The 40-year-old Lemieux recently missed two games because of what the team described as the stomach flu, but it was not immediately known if an illness that lingered for several weeks was related to his latest problem.
The NHL's No. 7 career scorer has seven goals and 14 assists for 21 points in 25 games this season, but recently had a four-game streak without a point that was the longest of his career.
Last week, Lemieux missed a team practice so he could be examined by a doctor. At the time, the team said the problem was related to his flu bout.
"They kind of fit him in for a checkup," coach Eddie Olczyk said on Nov. 30. "He said he was feeling fine, and just wanted to make sure he's being looked after."
Lemieux, who captained Canada's 2002 Olympic gold medal team in Salt Lake City even while playing with a badly injured hip, was to meet with Team Canada general manager Wayne Gretzky on Saturday in Pittsburgh. With Gretzky's Phoenix Coyotes on a six-day break until Sunday, Gretzky is scouting possible members to play in the Turin Olympics next February.
Earlier this season, Lemieux said he didn't want to be picked on his name alone, and that Canada would be better off taking a player such as the 18-year-old Crosby if Lemieux wasn't playing up to Olympic caliber.
Lemieux got off to a relatively fast start despite being out for nearly two years because of the hip injury and the NHL lockout, and had three multiple-point games in his first 10 games. But he has only one goal and two assists and is a minus-10 in his last 10 games.
For the season, Lemieux's minus-17 rating is the second-worst mark in the NHL to teammate Mark Recchi's minus-19. By comparison, Lemieux was a plus-55 while leading the NHL with 160 points during his cancer-interrupted 1992-93 season, despite missing a month for treatment.

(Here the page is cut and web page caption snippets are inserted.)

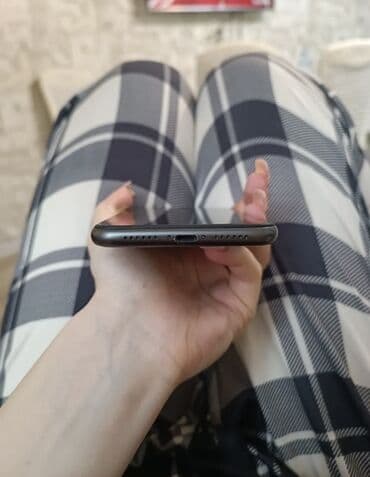 Apple iPhone: IPhone 11, 64 GB, Qara, Face ID — 3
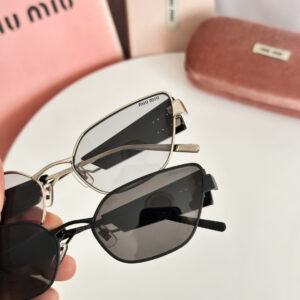 MIU-6499488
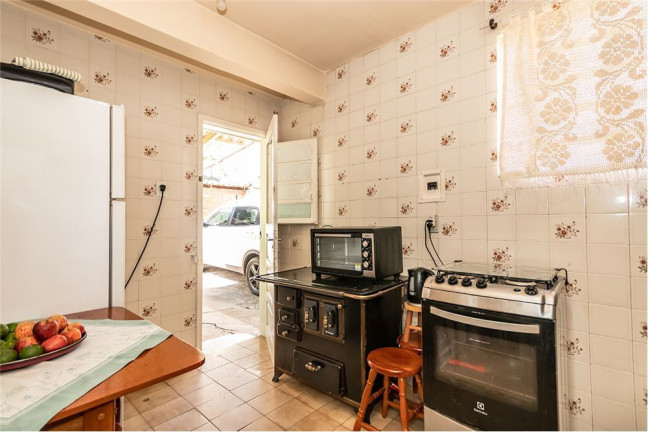 Imagem Casa com 3 Quartos à Venda, em Santa Tereza - Porto Alegre Imagem Casa com 3 Quartos à Venda, em Santa Tereza - Porto Alegre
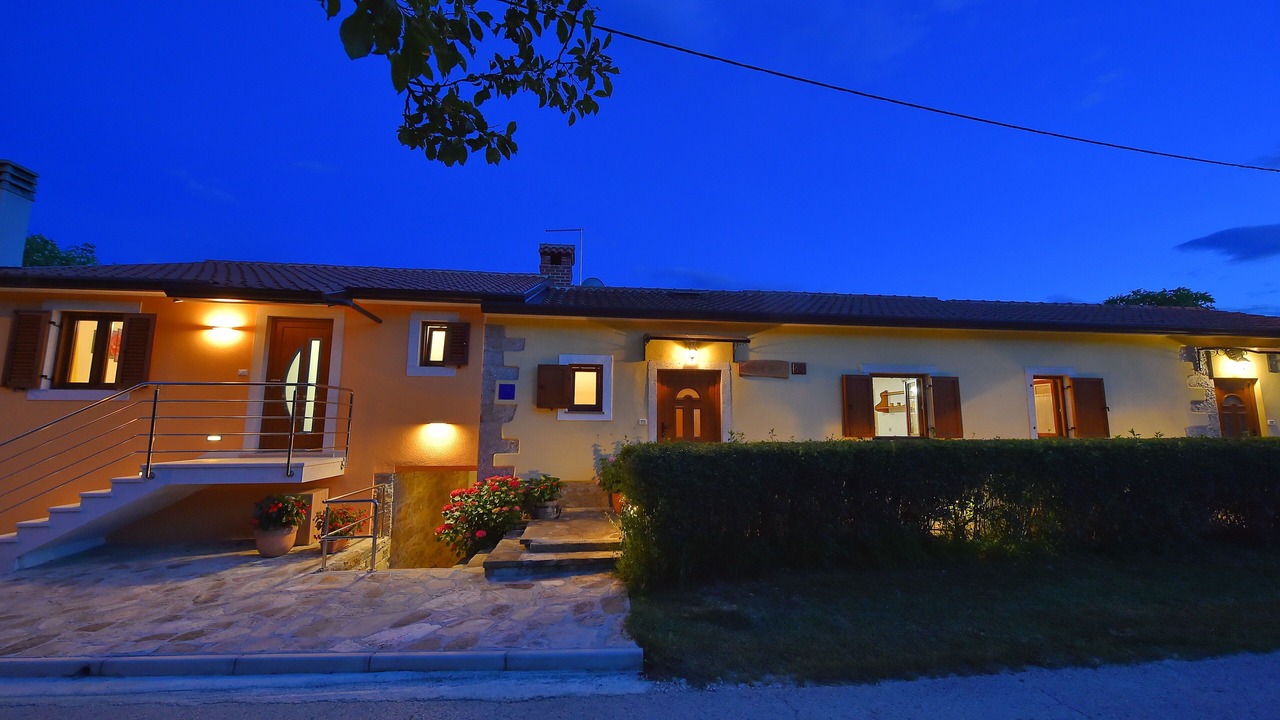 Photo of Outdoor in Borut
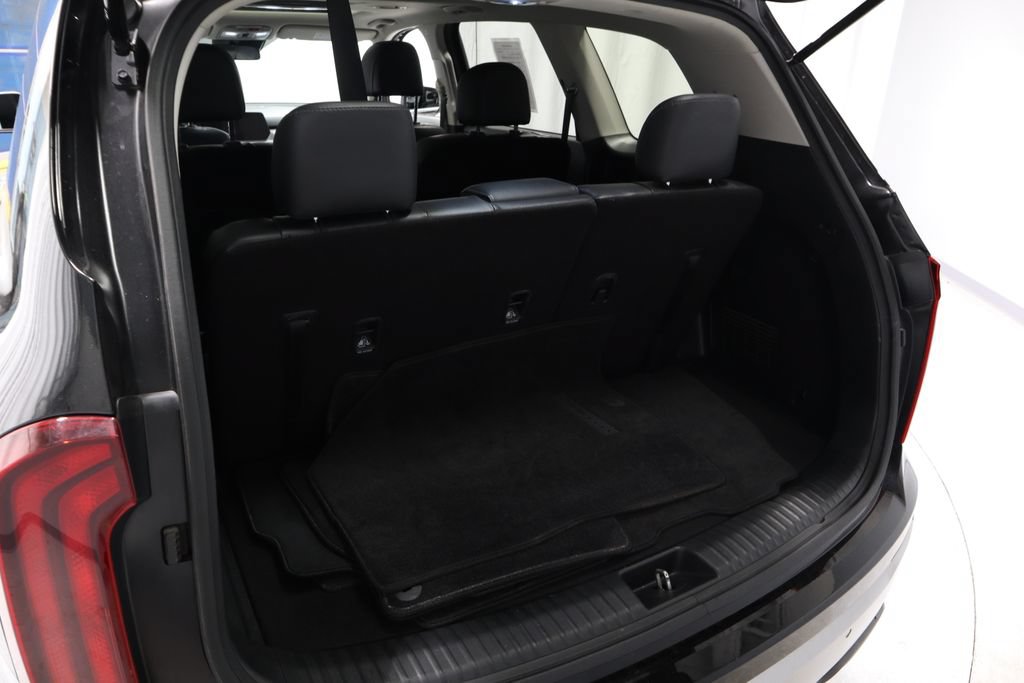 Used 2024 Kia Telluride S w/ S Sunroof Package FWD image 14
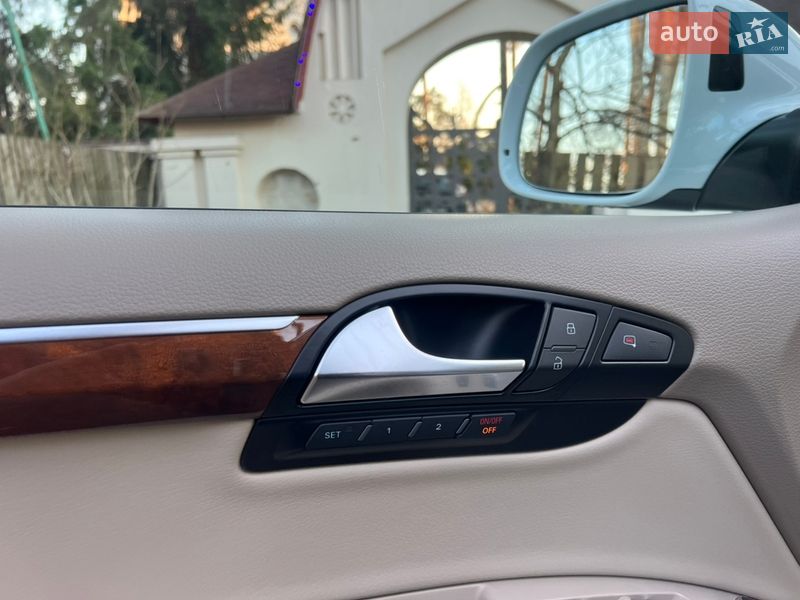 Позашляховик / Кросовер Audi Q7 2012 в Києві фото 52 Позашляховик / Кросовер Audi Q7 2012 в Києві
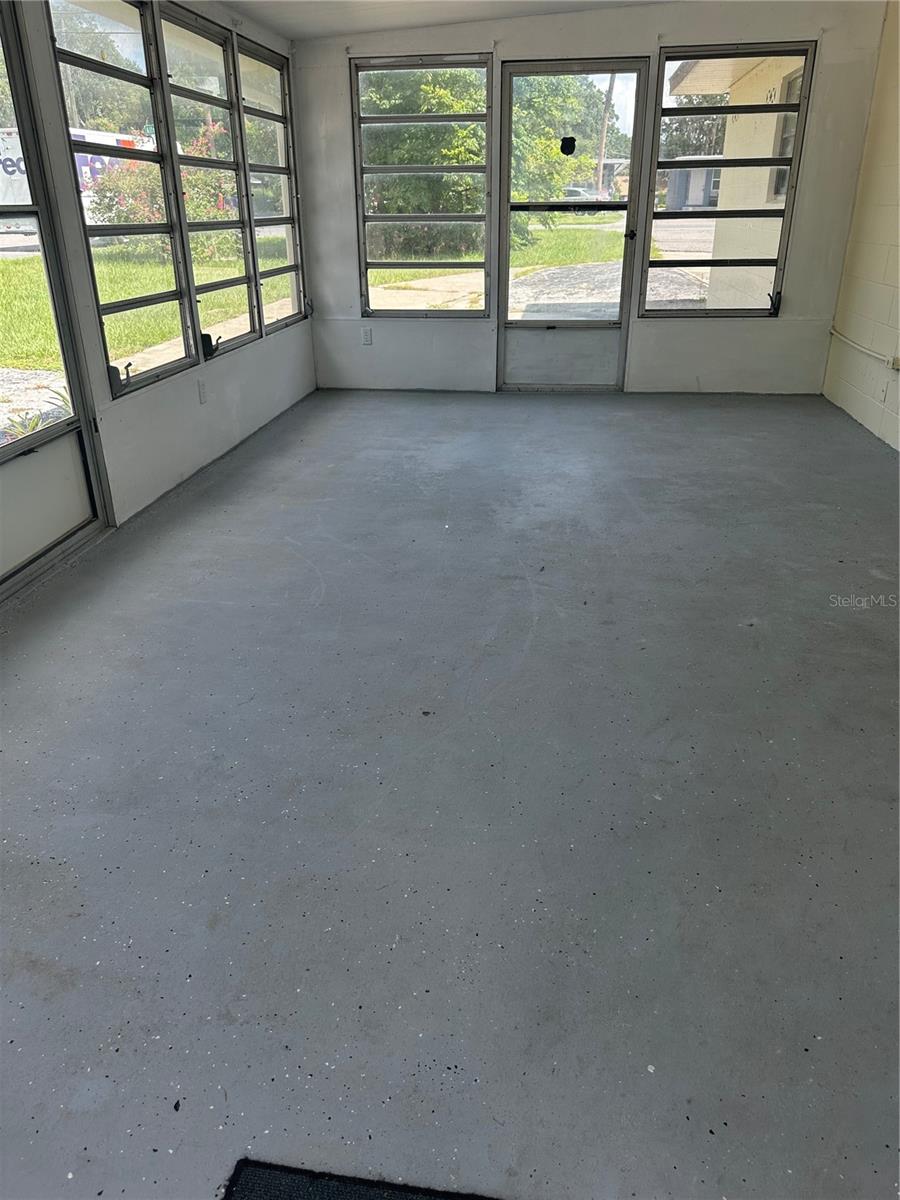1404 E Alfred St Property Photo 40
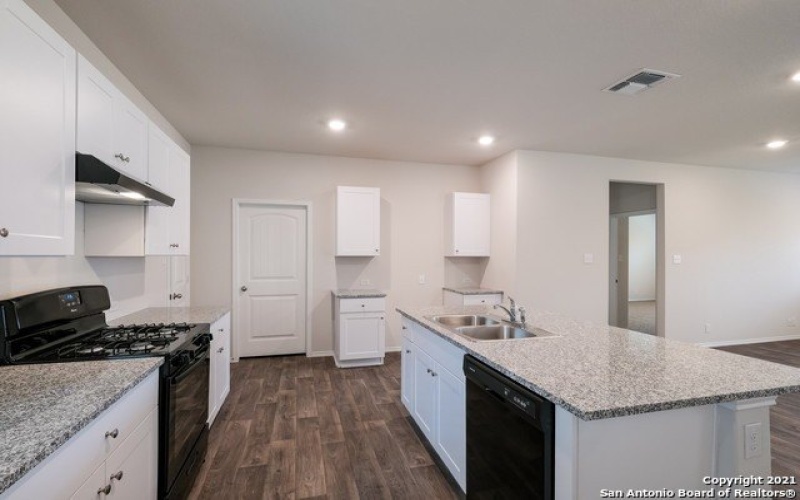 6015 Bowie Mountain, San Antonio, TX 78245, 4 Habitaciones Habitaciones , ,2 BañosBaños,Residential,En Venta,6015 Bowie Mountain,0,1891539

Before this season began, Lemieux said he wanted to play a full season uninterrupted by medical problems for the first time since his second season in the league, 1985-86. But he has since said that, at his age, it is probably wise to miss some games to avoid getting worn down.
Lemieux is seventh in NHL career scoring with 1,722 points, eight fewer than No. 6 Steve Yzerman of Detroit. Lemieux is eighth in goals with 690.